Dataset excerpts
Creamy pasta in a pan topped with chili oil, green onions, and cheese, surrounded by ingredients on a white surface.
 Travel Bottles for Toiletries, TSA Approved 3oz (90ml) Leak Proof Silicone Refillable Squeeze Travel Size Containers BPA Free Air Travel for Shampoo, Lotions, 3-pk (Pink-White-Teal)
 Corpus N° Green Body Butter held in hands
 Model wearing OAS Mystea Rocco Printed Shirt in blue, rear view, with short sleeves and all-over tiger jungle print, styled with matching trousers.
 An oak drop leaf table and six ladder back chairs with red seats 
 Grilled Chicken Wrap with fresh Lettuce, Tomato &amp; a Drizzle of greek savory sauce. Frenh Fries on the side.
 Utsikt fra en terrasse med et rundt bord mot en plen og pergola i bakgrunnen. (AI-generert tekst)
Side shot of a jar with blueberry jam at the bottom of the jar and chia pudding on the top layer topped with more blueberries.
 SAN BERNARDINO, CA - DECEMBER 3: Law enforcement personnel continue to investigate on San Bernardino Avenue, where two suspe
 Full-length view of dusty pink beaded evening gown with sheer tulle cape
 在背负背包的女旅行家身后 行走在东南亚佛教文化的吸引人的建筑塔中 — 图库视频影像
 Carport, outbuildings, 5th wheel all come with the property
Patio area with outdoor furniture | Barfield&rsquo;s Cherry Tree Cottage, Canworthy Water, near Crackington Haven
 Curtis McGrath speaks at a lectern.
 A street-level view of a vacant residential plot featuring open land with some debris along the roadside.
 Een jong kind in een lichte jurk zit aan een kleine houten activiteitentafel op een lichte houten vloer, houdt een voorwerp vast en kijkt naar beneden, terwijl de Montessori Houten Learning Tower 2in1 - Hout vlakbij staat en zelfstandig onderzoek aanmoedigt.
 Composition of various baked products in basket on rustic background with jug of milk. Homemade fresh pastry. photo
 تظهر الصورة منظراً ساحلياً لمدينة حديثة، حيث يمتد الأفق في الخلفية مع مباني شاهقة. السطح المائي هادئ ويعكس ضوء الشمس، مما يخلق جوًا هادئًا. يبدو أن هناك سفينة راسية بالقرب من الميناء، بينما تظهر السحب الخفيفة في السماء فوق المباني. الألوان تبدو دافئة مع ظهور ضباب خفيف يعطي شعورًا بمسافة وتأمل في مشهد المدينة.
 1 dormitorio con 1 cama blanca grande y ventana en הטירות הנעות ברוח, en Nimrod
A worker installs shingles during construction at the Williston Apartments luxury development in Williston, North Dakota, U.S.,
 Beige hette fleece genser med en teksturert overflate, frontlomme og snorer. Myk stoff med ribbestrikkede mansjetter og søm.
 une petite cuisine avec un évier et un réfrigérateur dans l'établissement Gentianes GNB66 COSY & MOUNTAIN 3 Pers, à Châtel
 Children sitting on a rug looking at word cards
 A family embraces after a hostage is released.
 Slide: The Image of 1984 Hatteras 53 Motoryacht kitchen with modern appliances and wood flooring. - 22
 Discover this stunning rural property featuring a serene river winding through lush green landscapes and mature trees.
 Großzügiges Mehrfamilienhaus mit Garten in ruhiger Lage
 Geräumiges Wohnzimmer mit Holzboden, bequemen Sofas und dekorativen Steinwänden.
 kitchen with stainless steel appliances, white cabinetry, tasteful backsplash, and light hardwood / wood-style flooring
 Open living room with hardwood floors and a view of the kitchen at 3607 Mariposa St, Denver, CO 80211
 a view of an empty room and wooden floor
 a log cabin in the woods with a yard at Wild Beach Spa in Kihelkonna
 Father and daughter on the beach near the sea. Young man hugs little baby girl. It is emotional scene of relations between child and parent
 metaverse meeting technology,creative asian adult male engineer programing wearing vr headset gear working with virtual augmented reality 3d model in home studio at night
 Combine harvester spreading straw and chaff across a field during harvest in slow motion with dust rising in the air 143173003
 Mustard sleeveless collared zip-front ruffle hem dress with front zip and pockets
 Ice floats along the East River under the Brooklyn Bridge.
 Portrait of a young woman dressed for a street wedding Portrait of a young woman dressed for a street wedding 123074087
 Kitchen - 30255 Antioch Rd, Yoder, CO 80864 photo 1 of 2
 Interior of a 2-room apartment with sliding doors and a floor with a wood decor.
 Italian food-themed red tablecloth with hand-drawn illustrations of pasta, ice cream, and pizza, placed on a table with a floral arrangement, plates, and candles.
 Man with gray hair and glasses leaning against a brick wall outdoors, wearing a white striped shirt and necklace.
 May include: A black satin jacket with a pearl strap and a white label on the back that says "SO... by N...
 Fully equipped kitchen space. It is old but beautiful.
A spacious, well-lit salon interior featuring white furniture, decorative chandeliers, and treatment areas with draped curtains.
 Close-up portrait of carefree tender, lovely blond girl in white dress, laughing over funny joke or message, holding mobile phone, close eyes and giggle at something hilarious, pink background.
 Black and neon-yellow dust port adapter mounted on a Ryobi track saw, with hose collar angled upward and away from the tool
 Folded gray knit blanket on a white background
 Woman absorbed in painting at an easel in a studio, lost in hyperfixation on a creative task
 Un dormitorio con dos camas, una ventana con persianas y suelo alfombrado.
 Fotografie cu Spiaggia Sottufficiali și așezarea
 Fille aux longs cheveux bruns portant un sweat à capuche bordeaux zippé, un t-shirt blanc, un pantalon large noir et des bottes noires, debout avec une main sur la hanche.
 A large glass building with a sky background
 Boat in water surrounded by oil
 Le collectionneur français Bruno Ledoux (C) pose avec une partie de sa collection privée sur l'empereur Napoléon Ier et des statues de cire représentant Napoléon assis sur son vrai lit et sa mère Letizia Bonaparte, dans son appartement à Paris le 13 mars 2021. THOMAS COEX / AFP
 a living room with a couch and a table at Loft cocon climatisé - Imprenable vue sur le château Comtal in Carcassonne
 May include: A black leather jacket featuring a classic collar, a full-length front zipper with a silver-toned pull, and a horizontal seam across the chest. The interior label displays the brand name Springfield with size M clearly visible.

- [ACTIVITY]
Look above for the line that contains "Discover this stunning". Starting there, transcribe every line exactly until you have copied the line that contains "Geräumiges Wohnzimmer mit".

- [RESULT FOR THIS EXERCISE]
 Discover this stunning rural property featuring a serene river winding through lush green landscapes and mature trees.
 Großzügiges Mehrfamilienhaus mit Garten in ruhiger Lage
 Geräumiges Wohnzimmer mit Holzboden, bequemen Sofas und dekorativen Steinwänden.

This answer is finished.